About JIT: Could I call a device function just like a DLL?

Could I call a device function which is dynamicly loaded during runtime from device code?

As to the topic, I mangaed to make a path-tracing renderer using CUDA11.0, further I want to enable users to customize the propagation model or lighting model. Therefore, inspired by OptiX and D3D12, I plan to allow usrs to write their own model in form of shaders.
I succeeded to JIT CUDA code during runtime and load the code into a module. But when I use cuModuleGetFunction or cuModuleGetGlobal to get a address of my function(It is a device function and will be called back when the fixed CUDA code in my renderer needs to compute the color.), they shows they did not find. As you can see, I want to call device functions just like a DLL.

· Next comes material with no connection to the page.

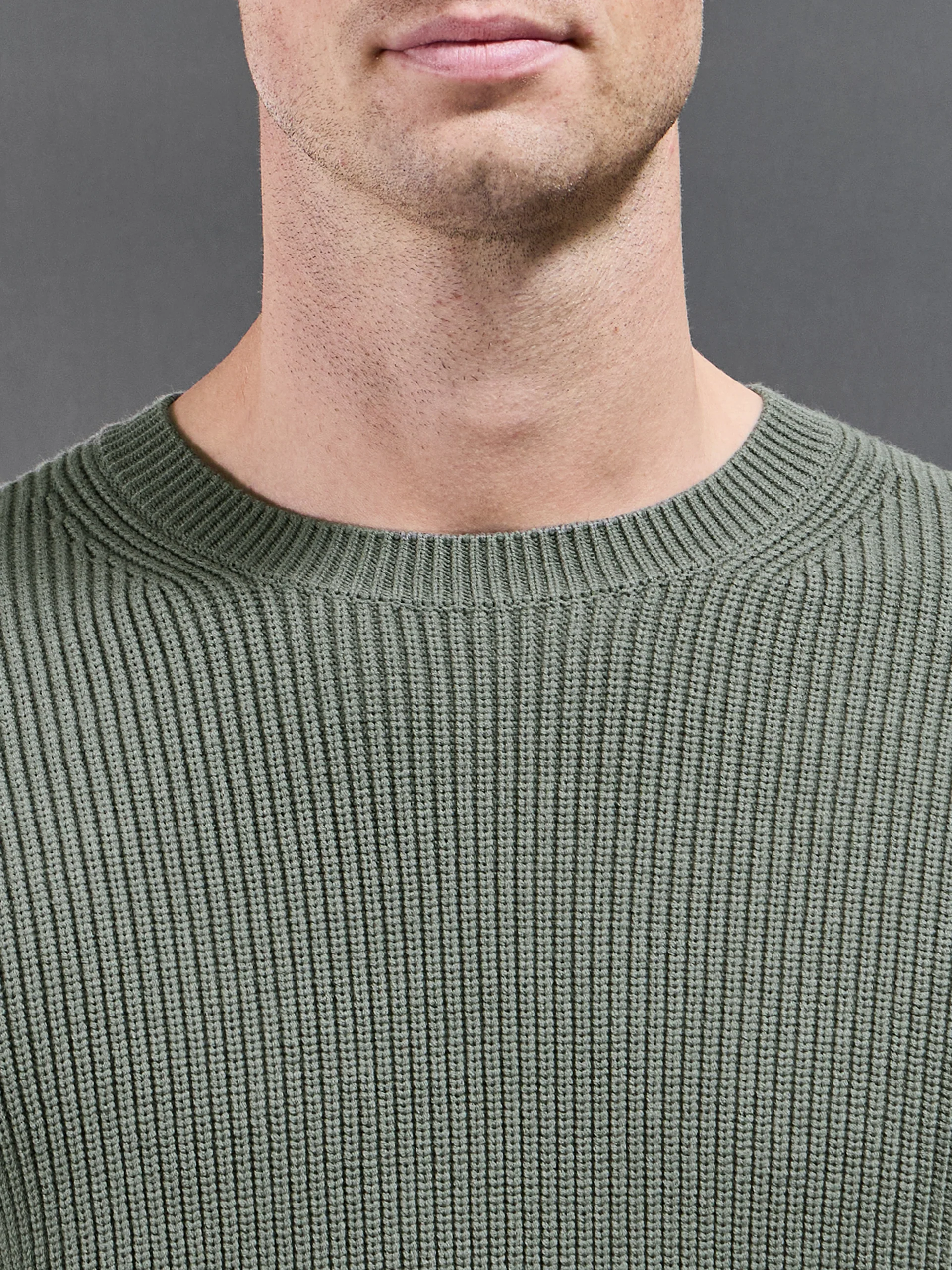 Chunky Ribbed Sweatshirt in Sage - Image 4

For my instance, I write a simple code:

#include <math.h>

extern "C" __device__ float LambertianFunction() {
    return 1.0f / M_PI;

extern "C" __device__ void *Lambertian = LambertianFunction;

Neither cuModuleGetFunction nor cuModuleGetGlobal could get the handle of LambertianFunction, but cuModuleGetGlobal could get the address of variable ‘Lambertian’, the the value of ‘Lambertian’ should be the address of ‘LambertianFunction’. So I managed to pass the address of the variable ‘Lambertian’ to the device code of my renderer. When it needs to compute the BRDF of the material, it makes this function calling(Note these code run in device):

 float BRDF = (*((CG::BXDFType*)isd.hitter->material.BXDF))();

The value of isd.hitter->material.BXDF was gained via cuModuleGetGlobal, it should be a second rank pointer of LambertianFunction.
Someting interesting happens, if I compile my CUDA code of renderer in debug mode(with “-G” flag), it works fine, I start CUDA debugger and trace the code there, the variable ‘BRDF’ gets correct value and all the things go as I expected. But within release mode, when the code goes here, it will be stuck there and could not continue to run.

So what’s the cause? Is it a bug of compiler? (It works under debug mode but fails under release mode). Did I do something wrong? Or what should I do can I reach my purpose?(Make something like shader in OptiX/D3D12)